## SUPPLIED MATERIAL
• • •
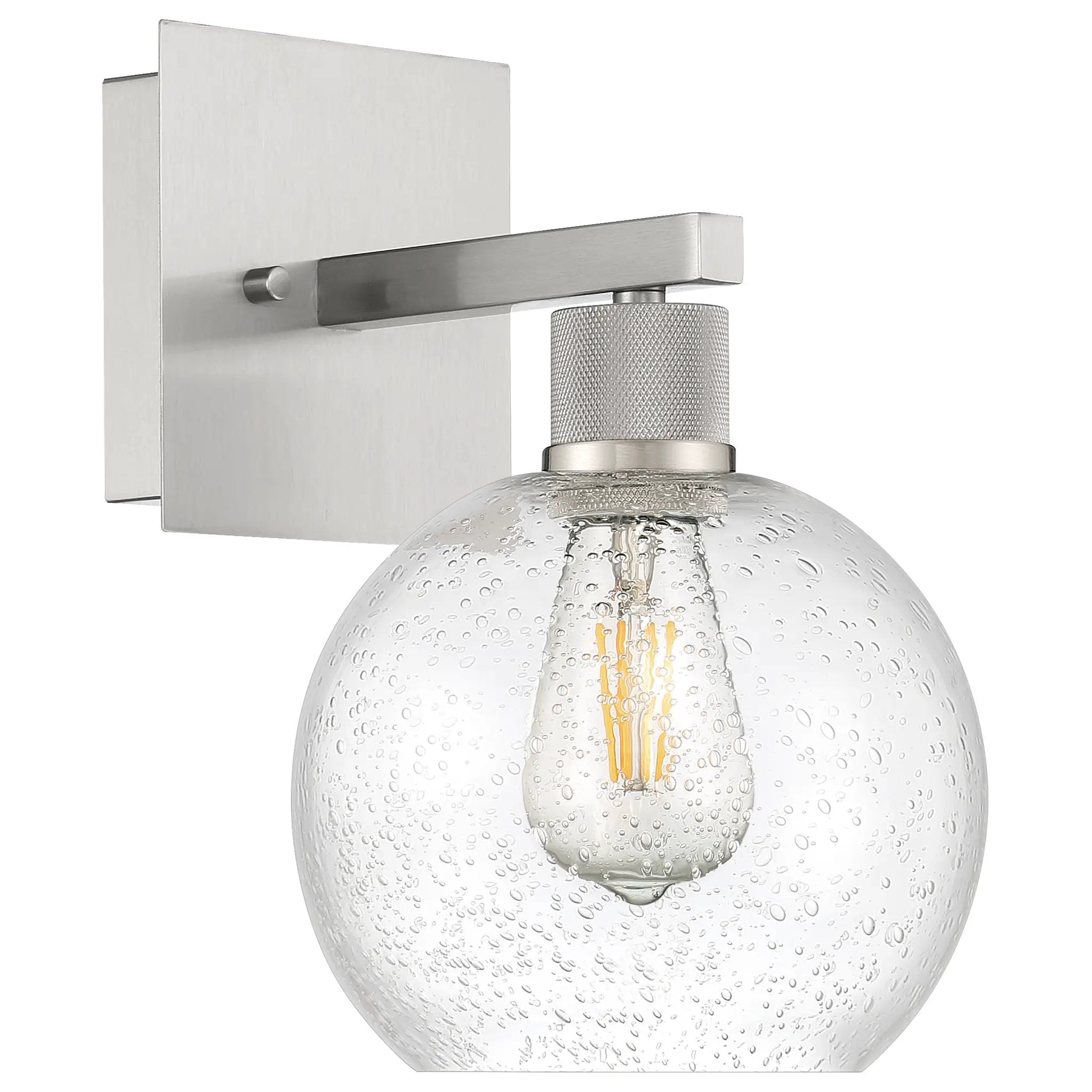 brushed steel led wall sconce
• • •
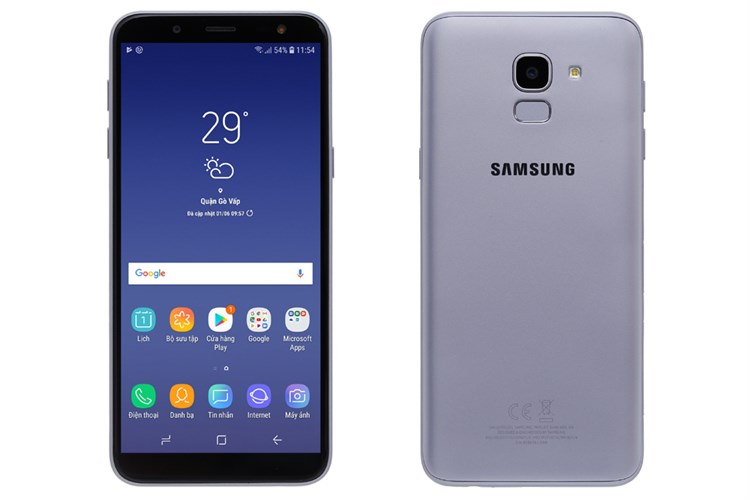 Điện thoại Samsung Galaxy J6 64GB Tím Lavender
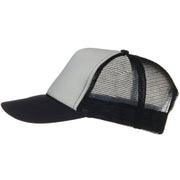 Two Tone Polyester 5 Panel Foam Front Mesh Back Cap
• • •
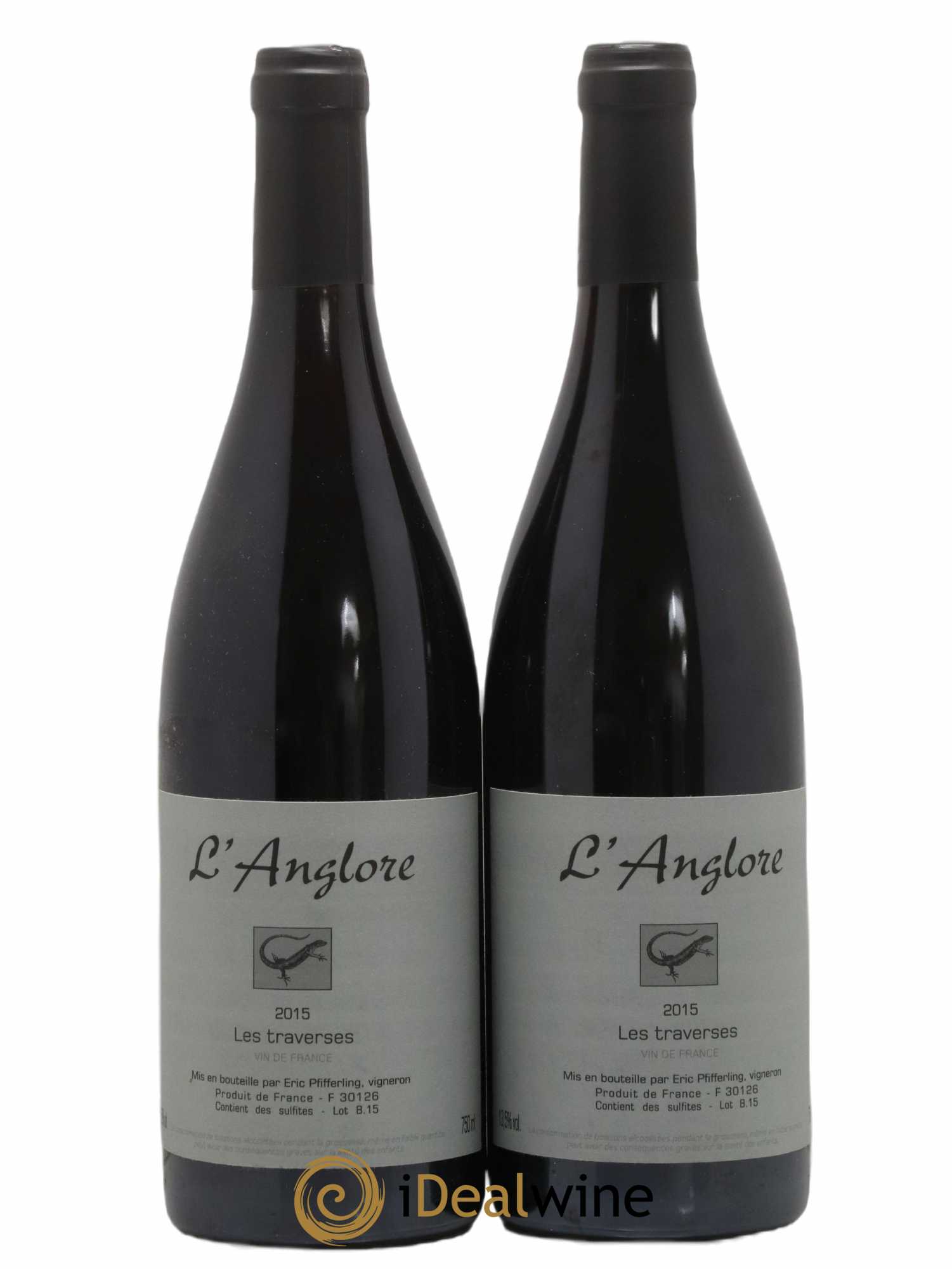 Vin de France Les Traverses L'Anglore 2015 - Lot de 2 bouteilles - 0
• • •
## REQUIRED ACTION
From the data above, retype only the lines starting with the line with "Điện thoại Samsung" and going on through the line with "Two Tone Polyester", exactly, leaving out the pictures.

## ANSWER TO THIS PROBLEM
 Điện thoại Samsung Galaxy J6 64GB Tím Lavender
 Two Tone Polyester 5 Panel Foam Front Mesh Back Cap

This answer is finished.